Toute la lumière sur la prétendue fermeture du régime spécial de la SNCF !

Monsieur le premier Ministre,

La loi du 27 juin 2018 « Pour un nouveau pacte ferroviaire » a prévu de fermer le régime spécial de la SNCF. Depuis le 1er janvier 2020, la retraite des nouveaux personnels embauchés par les chemins de fer est supposément régie par le régime général et le régime complémentaire des salariés du secteur privé, AGIRC-ARRCO. En théorie, le régime spécial devrait donc s’éteindre à la mort du dernier agent de la SNCF embauché sous statut – autrement dit, aux alentours du XXIIe siècle, puisque les recrutements sous statut se sont prolongés jusqu’au 31 décembre 2019. Mais en réalité, même cette fermeture est remise en question et des négociations sont en cours avec les syndicats de cheminots, dans la plus totale opacité.

En effet, votre gouvernement a d’ores et déjà accepté que la Caisse de prévoyance et de retraite du personnel de la SNCF (CPRP), qui administre le régime spécial, continue à gérer la couverture santé de l’ensemble des salariés de la branche ferroviaire, embauchés au statut ou pas. Transformée en caisse de branche, son existence sera ainsi pérennisée. Et les syndicats font actuellement pression pour que la CPRP gère, de même, la retraite de tous les cheminots.

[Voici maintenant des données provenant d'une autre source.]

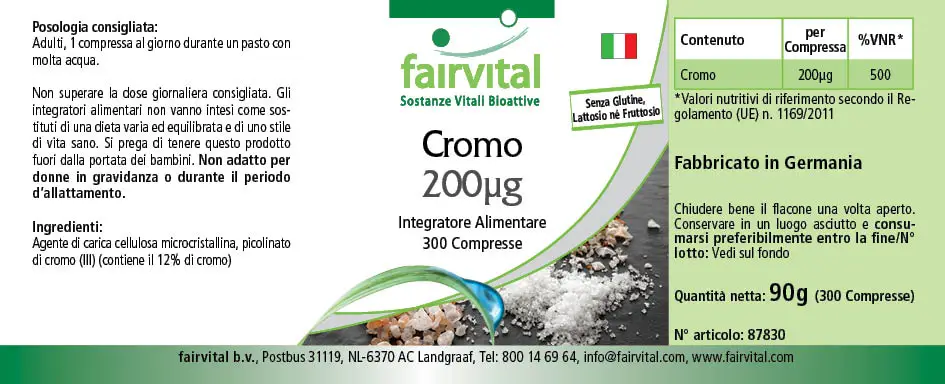 Chrom 200µg - 300 Tabletten - für Blutzuckerspiegel und Makronährstoff Stoffwechsel - Hochdosiert und Vegan | Fairvital Chrom 200µg - 300 Tabletten - für Blutzuckerspiegel und Makronährstoff Stoffwechsel - Hochdosiert und Vegan | Fairvital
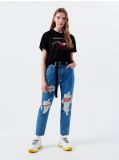 Jeansy mom z paskiem - niebieski - CROPP - small1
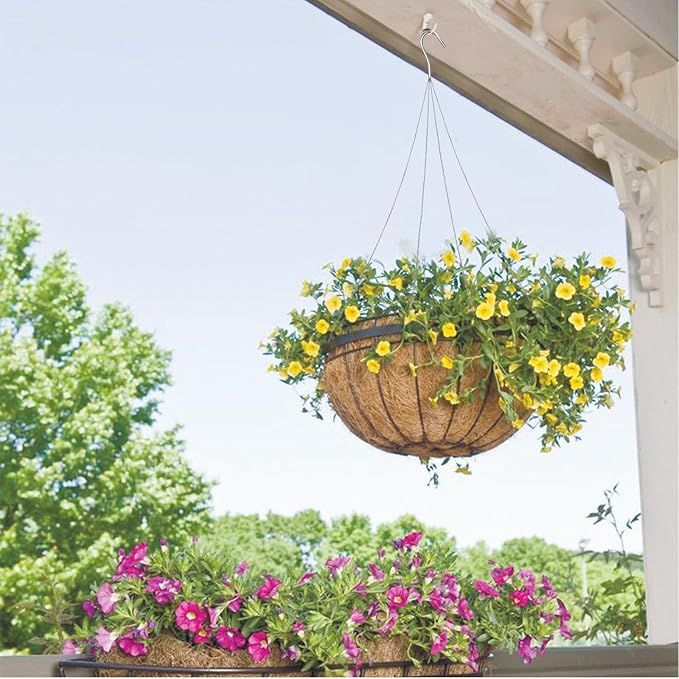 GBACHOOSE 24 Pack 24" 4 Wire Steel Hook Hanger, Pot Hangers for Plants, Wire Plant Hangers for Hanging Baskets, Plant Hanger for Indoor Outdoor Patio Garden
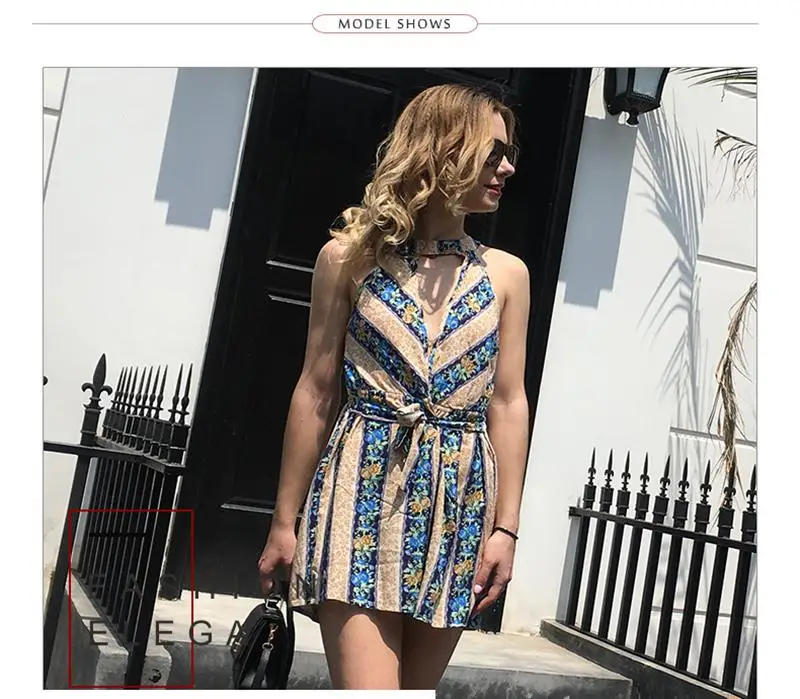 Новая мода Холтер женские костюмы Лето Boho спинки короткая водолазка печатных сексуальный топ с открытыми плечами облегающие комбинезоны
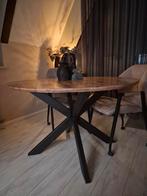 Ronde eettafel van mangohout - 120cm, Ophalen, Rond, Metaal, Vier personen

Tout cela nous laisse craindre que les avantages liés au régime spécial ne soient eux aussi perpétués, par le biais de l’instauration d’une convention d’entreprise, par exemple. Comment croire, en effet, qu’un cheminot ayant intégré l’entreprise le 1er janvier 2020, partira à la retraite dix ans plus tard que son collègue embauché sous statut la veille ?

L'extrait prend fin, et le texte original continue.